Beta Hatch is coming to town with big ideas and tiny insects - the company uses technology to produce mealworms and its waste into animal feed. Its agriculture based area of expertise will fit perfectly in Cashmere's agricultural heavy industry, according to Emery.
"Beta Hatch is connecting key resources for the agriculture community by creating products for animal feed and crop fertilizer with new technology. We're eager to see the future growth of their production facility," said Gina Imperato, Cashmere Chamber of Commerce manager.
In order to meet growing demand for meat production, Beta Hatch industrializes insect production to provide livestock feed with the goal of being a more sustainable and predictable feed.
"The whole area is built on production of food and we really like that because that's the core business of what we do. We're excited to be in a community where we have that in common with our neighbors," said Emery.

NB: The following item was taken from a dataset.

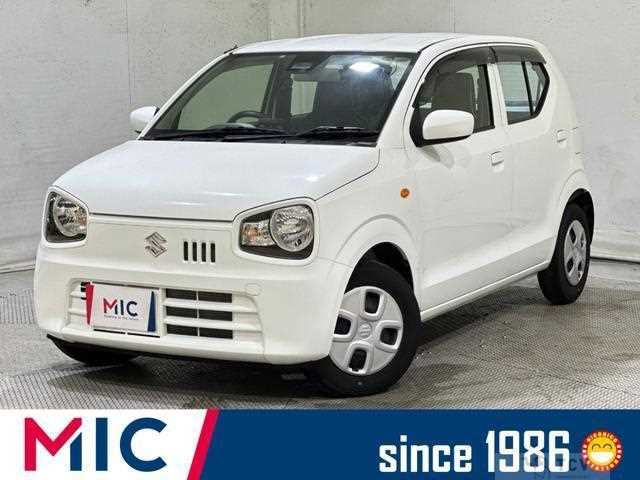 2021 Suzuki Alto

"I have family over here so my business and I have been coming to the Wenatchee area for almost a decade to visit and explore, and we just really love this place," said Emery. "We see the area as a lot more affordable to have a manufacturing business versus being in Seattle right now. We really are excited because of the combination of economically making sense and also being in a farming community."
According to Emery, the company is expecting to hire between 10 to 20 people in the immediate forecast. Following its first year in Cashmere, Emery estimates dozens of more jobs will be available.
"By 2050, we will need to double global meat production to keep up with growing demand. The current means of producing livestock feed are inefficient and costly," stated the company via its website.
Beta Hatch also lists these facts:
• 30% of crop production goes to feed livestock.
• Up to 60% of feed and food is wasted
• makes up 50% of the cost of our meat."
"As our community grows, the value of "a better quality of life" continues. So frequently visitors stop in looking to relocate and request visitor or real estate information. Securing diverse economic development and growth in Cashmere promotes a vibrant and visible community," said Imperato.